Prime Time Crime

(Prime Time Crime exclusive Feb. 23, 2009)

Judges are the problem

By Tom Span



On Sunday February 22, 2009 I attended to the rally regarding Gang Violence held at Surrey’s Central City Plaza. While there, I saw numerous persons holding up signs that stated “JUDGES ARE THE PROBLEM” When I asked these persons for what part of the problem the judges are accountable, they spoke of the usual complaints relating to bail, slack sentences etc. Those complaints have been well echoed over the last couple of weeks during which time 12 shootings took place within the Vancouver Lower Mainland killing no less than seven persons. Throughout that time, it appeared to me by listening to radio talk shows and reading the newspapers that our local politicians for the most part, basically defended the judges as though they have no part to play in any of the dilemmas.  Well, in my opinion, the judges have been a huge factor in fouling up our system of justice. By constantly, sometimes whimsically excluding evidence at trial, they have made Crown Counsels reluctant to agree to charges in the first place because often when they do agree, the judges assassinate the case by excluding vital evidence.

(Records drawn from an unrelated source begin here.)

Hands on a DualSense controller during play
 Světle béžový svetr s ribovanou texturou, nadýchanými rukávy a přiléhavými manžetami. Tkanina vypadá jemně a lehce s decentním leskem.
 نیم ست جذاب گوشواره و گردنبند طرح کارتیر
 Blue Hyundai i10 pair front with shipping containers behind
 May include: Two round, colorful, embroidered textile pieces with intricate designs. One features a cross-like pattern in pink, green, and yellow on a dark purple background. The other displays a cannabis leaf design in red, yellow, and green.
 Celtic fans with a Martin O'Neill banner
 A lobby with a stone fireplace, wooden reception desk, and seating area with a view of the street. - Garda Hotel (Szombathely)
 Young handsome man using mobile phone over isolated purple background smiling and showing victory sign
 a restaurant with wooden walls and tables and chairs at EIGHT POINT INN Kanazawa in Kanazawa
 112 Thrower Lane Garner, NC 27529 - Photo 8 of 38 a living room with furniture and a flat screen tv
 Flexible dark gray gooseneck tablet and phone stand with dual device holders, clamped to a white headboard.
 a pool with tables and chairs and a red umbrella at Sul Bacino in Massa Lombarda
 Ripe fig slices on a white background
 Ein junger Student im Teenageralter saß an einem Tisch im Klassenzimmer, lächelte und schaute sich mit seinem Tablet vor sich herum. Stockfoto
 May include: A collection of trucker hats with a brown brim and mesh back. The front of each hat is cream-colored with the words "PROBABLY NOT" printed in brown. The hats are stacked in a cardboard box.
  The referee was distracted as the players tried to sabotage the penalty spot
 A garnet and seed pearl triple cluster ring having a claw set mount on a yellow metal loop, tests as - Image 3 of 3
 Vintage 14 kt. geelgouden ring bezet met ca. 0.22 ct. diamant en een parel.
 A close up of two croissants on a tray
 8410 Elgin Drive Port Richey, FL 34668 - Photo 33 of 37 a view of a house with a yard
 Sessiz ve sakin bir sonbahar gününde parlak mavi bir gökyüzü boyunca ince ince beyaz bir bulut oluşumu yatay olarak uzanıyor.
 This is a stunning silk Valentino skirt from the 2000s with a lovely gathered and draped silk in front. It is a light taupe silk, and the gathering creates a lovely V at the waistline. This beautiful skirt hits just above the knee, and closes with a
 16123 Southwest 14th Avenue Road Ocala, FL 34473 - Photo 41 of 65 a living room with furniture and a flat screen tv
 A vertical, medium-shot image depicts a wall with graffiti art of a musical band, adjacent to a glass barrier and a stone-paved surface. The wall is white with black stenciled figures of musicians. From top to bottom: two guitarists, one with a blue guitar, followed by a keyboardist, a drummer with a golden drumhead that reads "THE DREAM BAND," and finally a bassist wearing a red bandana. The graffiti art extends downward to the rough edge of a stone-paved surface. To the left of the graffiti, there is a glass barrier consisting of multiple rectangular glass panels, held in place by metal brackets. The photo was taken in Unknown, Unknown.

Judges must stop excluding evidence at trial for the slightest reasons such as they have been doing since 1982. The Canadian Charter of Rights and Freedoms, invoked in 1982, does not demand exclusion of evidence in all cases where a mistake is made.  However, it appears that currently, many judges believe in that necessary to do so. The consequence is that not enough of the criminals make it to court. Less worry I guess about sentences etc. 

The Canadian Charter of Rights and Freedoms states the following in relation to admissibility of evidence:

Section 24 (1) Anyone whose rights or freedoms, as guaranteed by this charter, have been infringed or denied may apply to a court of competent jurisdiction to obtain such remedy as the court considers appropriate and just in the circumstances.

(2) Where, in proceedings under subsection (1), a court concludes that evidence was obtained in a manner that infringed or denied any rights or freedoms guaranteed by this Charter, the evidence shall be excluded if it is established that, having regard to all the circumstances, the admission of it in the proceedings would bring the administration of justice into disrepute. 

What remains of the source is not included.